Çocukların asıl ihtiyaçları dikkate alınmamış
Doç. Dr. Emre Er / Yıldız Teknik Ü.
- Konuların yetiştirilmesi amacıyla yüzeysel işlenen derslerin yerine derinleşme sağlanmasına imkan tanınması düzenlemedeki olumlu tek taraf. Benzer örneklere kıyasla Türkiye’de dersler daha ağır, içerikler daha yoğundu.
- OECD ortalamalarının ve dünya standartlarının oldukça gerisinde, çağ dışı bir müfredat ve oldukça kötü fiziksel koşullarda sürdürülen bir eğitim hizmeti sunuluyor.
- Değer odaklı ve çocuğun gerçek ihtiyaçlarının dikkate alınmadığı bir eğitim kurgusu ile karşı karşıyayız.
En az bir yıl boyunca pilot çalışma yapılmalıydı
Prof. Dr. Hale Sucuoğlu / Dokuz Eylül Ü.
- Bu programlardaki en büyük sorunlardan ilki pilot çalışmalarının yapılmamış olması. En az 1 yıl pilot uygulamaların yapılması, daha sonra sonuçlar uygunsa ülke geneline yaygınlaştırılması gerekir.
- Bir başka sorun ise hazırlanan bu programların öğretmenlere ne seviyede aktarılabileceği. Çünkü kağıt üstünde mükemmel hazırlanan programlar öğretmenlere iyi tanıtılmazsa işe yaramaz.
Yeni program bizi PISA’da daha yukarı taşımayacak
Prof. Dr. Süleyman Avcı / Marmara Ü.
- Öğrencilerimizin yeterince öğrenememe sorunu programdan değil, programı hakkıyla uygulayamamaktan kaynaklanıyor. Yeni program PISA’da daha başarılı olmamızı sağlamayacak. Uygulayan öğretmen, yer ve eğitimi alan öğrencilerle ilgili temel sorunların çözülmesi gerekiyor.
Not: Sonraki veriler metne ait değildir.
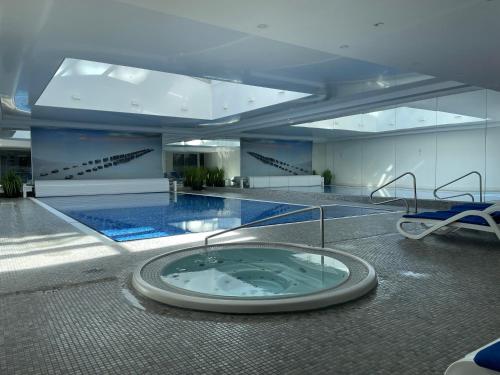 Lily Apart - Waterlane Pool & Gym Apartment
- Çin, Japonya ve Güney Kore ile çevre ülkelerinde çok ağır ve kapsamlı programlar yürütülür. Ülkemizi onlarla karşılaştırdığımızda konu kapsamının az olduğu yorumunu yapabiliriz. Ama İskandinav ülkeleriyle karşılaştırdığımızda ise programımızın çok ağır olduğu yorumunu yapabiliriz. İskandinav tarzı eğitimle özgür düşünen yaratıcı bireyler, Çin tarzıyla çok bilen bireyler yetiştirirsiniz. Yeter ki neyi tercih ettiysek onu hakkıyla yapalım.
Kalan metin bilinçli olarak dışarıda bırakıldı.